§ **Records shown**:
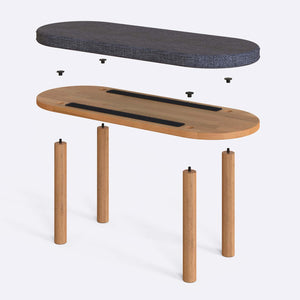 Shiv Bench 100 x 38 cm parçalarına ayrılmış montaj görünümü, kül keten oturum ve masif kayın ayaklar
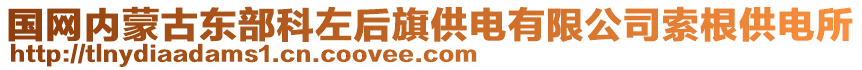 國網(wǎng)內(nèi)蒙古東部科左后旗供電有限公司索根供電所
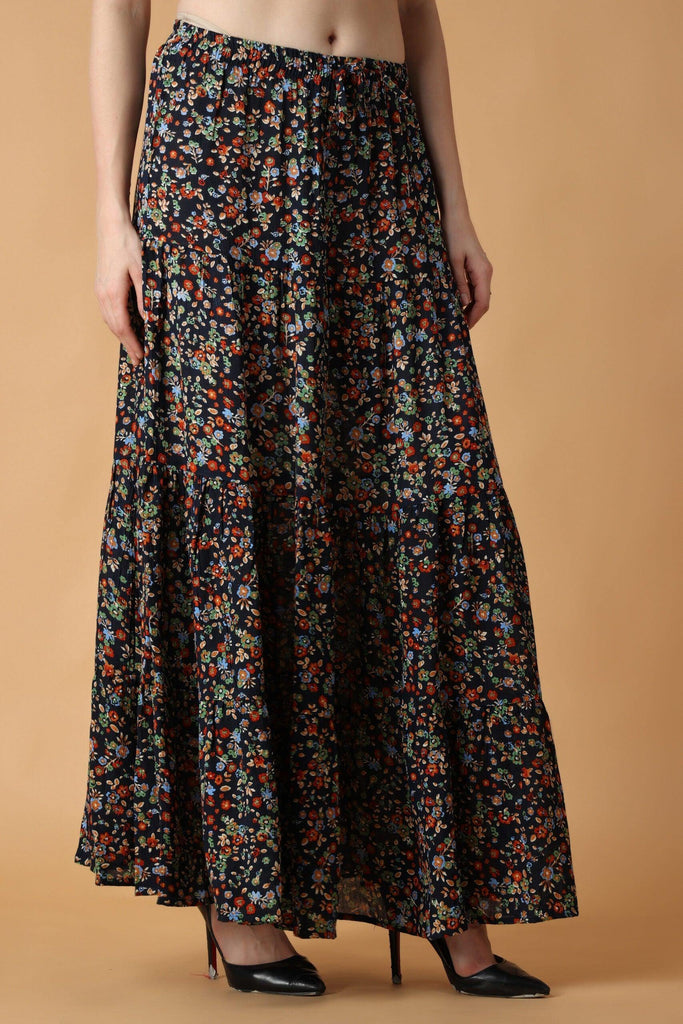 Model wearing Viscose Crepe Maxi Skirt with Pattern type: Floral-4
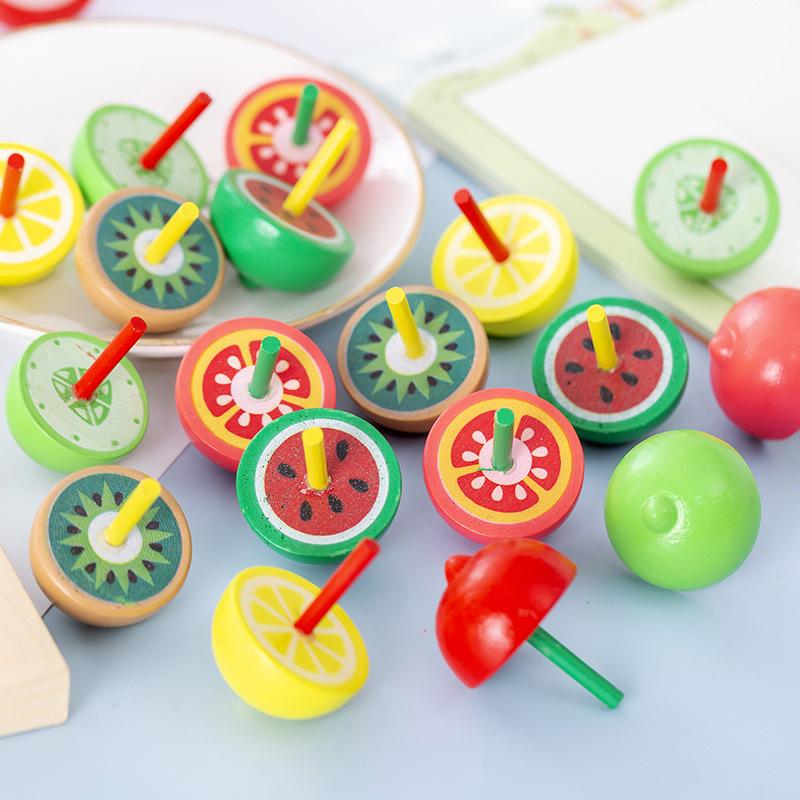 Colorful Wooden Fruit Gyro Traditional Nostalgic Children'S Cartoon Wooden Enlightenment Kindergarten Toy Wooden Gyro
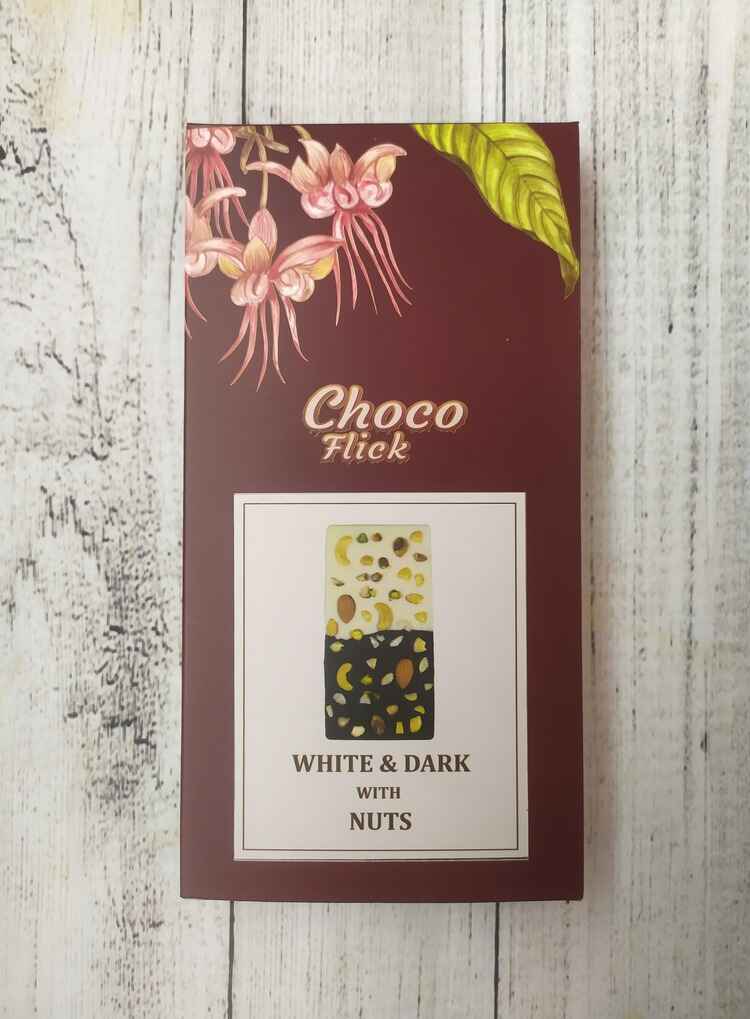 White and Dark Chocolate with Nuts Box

§ **Task prompt**: What is needed is every record above printed exactly, with no pictures.

§ **Response area**:
 Shiv Bench 100 x 38 cm parçalarına ayrılmış montaj görünümü, kül keten oturum ve masif kayın ayaklar
 國網(wǎng)內(nèi)蒙古東部科左后旗供電有限公司索根供電所
 Model wearing Viscose Crepe Maxi Skirt with Pattern type: Floral-4
 Colorful Wooden Fruit Gyro Traditional Nostalgic Children'S Cartoon Wooden Enlightenment Kindergarten Toy Wooden Gyro
 White and Dark Chocolate with Nuts Box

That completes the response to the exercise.